Q. My child is acting out or overreacting to minor things, and other times withdrawing from the rest of the family. What can I do?
A. These are normal responses to traumatic stress, says Melissa Whitson, an associate professor at the University of New Haven who specializes in children's trauma.
- Feeling helpless can exacerbate stress, so help children assert some control over the situation in small ways. Reframe social distancing as doing something good to help others.
- Let them make signs, make masks or take part in some sort of volunteer effort. "Finding ways to feel like we are contributing to something is very helpful. That goes for kids, too,'" she said.
Q. How do I get my kid to give up the iPad without triggering a tantrum?

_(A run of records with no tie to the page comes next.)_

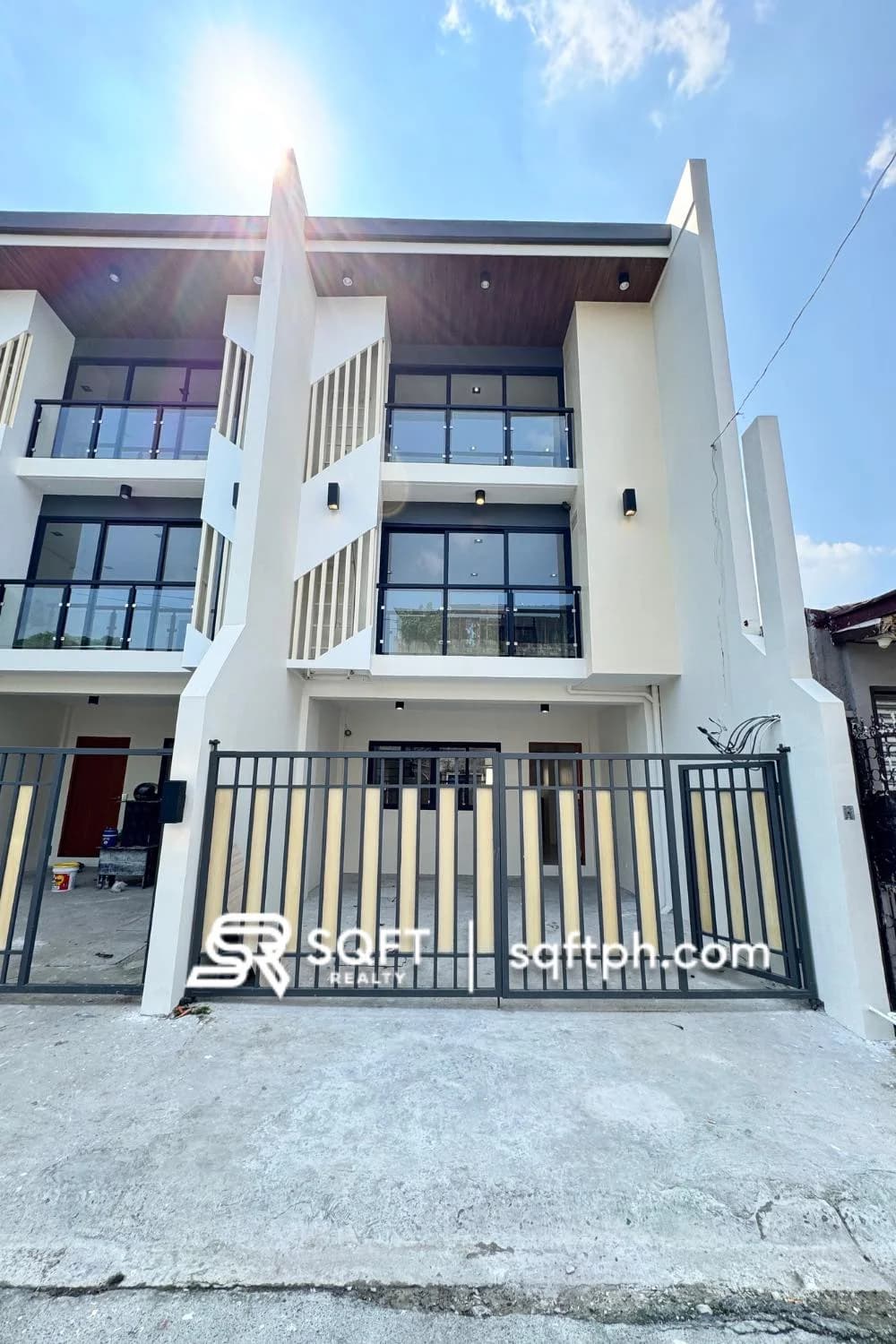 Brand New Modern 4BR Townhouse for Sale in Pilar Village, Las Piñas City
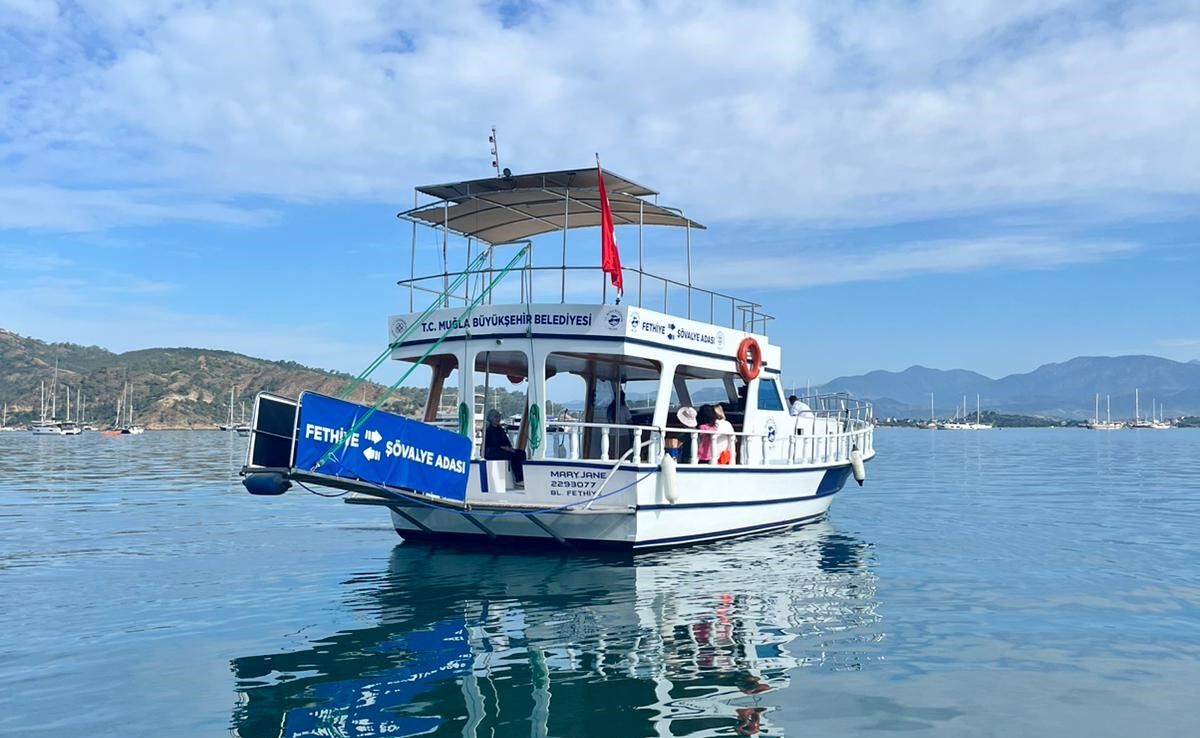 Fethiye Şövalye Adası Ve Güllük Kıyıkışlacık Seferleri Hizmete Girdi (1)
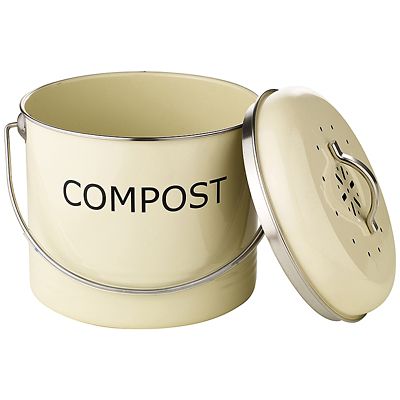 Worktop Compost Bin Cream 3.5L image(2)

A. Plan in advance for transitions from screen time and decide how you're going to cope when there are problems, says Elizabeth Englander, director of the Massachusetts Aggression Reduction Center at Bridgewater State University.
- Carve out non-screen time and let children know about upcoming changes in the schedule, she said. Also, don't be afraid to kill the internet if you don't think the kids can handle making the transition, so they understand the privilege is linked to responding well when it's time to put the screens away.
- She also suggests practicing calming exercises with kids before they need them and helping them find a routine, like going outside, reading a book, or sitting on your lap. "When you see them getting upset you can say 'you need to do your calming routine right now,' to help them develop those coping skills."
Q. The homeschool expectations are too much and I can't keep up. Am I failing my children?
A. "Nobody is going to be completely keeping up, that's a very tall order under these circumstances," Englander said in a webinar earlier this week. "This is about moderating our expectations; this is not a time for us to beat ourselves up or deciding we're going to shoot for the Moon."
- Even if it's a struggle to keep up academically, focus on social and coping skills. Kids who have a meal each day with their families do much better with their social relationships, she said. Have family conversations and keep old routines when possible, as this can be reassuring for kids.
- Carve out regular time for exercise. Getting outside is the best thing for mental health and behavioral problems, she said.